Not surprisingly, he has been much in demand by industry and academic bodies. He was at various times (and sometimes simultaneously) Visiting Professor of Marketing at the University of Bradford and the Cranfield Institute of Technology (now University), and Professor of Marketing and Media Policy at the International Management Centres. He was for twelve years Chairman of the Marketing Communication Research Centre, an ongoing operation funded by a number of major marketing companies which was founded in Bradford in 1972, and subsequently moved to Cranfield when he did. He had chaired the technical sub-committee of the National Readership Survey, and the Research Committees of the Regional Newspaper Advertising Bureau and of British Posters, and was for forty years Chairman of the Research Committee of the Advertising Association. He was a Governor of the History of Advertising Trust, and a member of the editorial boards of the Journal of Advertising History and the International Journal of Advertising.

==Publications==
As a by-product of his business and academic activities, and in various managerial capacities, he wrote and lectured extensively, in a number of countries, on management, marketing, research and related topics. Books published in earlier years, include Patterns of British Life (1948) and The Rural Market (1950).

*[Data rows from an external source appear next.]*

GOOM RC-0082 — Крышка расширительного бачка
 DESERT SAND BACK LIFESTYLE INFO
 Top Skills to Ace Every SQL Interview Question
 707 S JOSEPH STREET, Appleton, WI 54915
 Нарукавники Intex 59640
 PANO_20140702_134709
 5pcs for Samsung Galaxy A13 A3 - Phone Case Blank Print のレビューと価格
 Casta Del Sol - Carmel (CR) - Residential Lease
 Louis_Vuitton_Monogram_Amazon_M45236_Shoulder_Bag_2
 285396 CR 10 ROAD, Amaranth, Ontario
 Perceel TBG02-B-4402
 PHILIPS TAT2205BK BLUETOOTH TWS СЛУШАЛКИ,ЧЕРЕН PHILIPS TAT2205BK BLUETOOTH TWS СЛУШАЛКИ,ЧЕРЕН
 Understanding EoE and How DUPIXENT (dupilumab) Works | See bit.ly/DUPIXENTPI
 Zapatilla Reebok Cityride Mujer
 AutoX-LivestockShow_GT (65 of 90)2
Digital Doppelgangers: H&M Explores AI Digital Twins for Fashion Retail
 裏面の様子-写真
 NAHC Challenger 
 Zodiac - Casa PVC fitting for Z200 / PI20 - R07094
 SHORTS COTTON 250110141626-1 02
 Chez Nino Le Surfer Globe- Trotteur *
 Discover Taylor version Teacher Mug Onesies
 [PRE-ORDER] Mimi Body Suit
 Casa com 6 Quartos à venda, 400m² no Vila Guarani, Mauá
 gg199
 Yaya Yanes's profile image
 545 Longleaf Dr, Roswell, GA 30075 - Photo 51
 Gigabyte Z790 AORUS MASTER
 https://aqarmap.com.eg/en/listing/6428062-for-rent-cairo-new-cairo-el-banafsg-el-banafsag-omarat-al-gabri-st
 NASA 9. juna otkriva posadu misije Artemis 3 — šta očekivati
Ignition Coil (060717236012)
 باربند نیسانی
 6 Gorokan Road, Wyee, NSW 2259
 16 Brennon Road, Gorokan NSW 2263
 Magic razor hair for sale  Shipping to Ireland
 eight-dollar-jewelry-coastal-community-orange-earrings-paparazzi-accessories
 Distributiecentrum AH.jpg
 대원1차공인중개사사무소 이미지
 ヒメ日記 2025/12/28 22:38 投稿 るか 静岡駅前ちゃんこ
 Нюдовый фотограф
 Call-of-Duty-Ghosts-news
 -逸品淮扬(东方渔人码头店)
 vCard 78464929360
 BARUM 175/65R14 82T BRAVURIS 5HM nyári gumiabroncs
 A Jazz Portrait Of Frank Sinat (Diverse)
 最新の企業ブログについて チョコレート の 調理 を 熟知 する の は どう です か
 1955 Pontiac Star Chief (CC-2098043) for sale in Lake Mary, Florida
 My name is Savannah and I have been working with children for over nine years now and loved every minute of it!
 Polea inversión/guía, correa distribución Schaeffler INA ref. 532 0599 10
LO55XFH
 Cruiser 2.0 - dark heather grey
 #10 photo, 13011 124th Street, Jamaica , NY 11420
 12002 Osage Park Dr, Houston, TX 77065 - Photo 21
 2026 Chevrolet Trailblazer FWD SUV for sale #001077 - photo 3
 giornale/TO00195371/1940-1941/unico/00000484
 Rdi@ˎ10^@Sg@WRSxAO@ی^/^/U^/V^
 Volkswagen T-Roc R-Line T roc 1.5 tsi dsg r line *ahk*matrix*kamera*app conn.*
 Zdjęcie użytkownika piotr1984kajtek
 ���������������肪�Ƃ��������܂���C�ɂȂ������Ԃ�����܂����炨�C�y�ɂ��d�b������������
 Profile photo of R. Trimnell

His first book, written when he was 21 years old, The Insurance Man and his Trade (1938), in the 'Fact' library published monthly by Raymond Postgate (1/- cloth board, 6d. paper covers), suggested that burial insurance was 'the grossest form of systematic exploitation ever practised in this country'.

A selection of his papers up to 1971 having been published in that year under the title of Perspectives in Management, Marketing and Research.

Later publications included Behind the Headlines: Readings in the Economics of the Press (1978) and The Dynamics of the British Press, 1961 to 1984 (1986) and he edited the massive Proceedings of the four International Readership Research Symposia of 1981, 1983, 1985 and 1988 (published as Readership Research: Theory and Practice).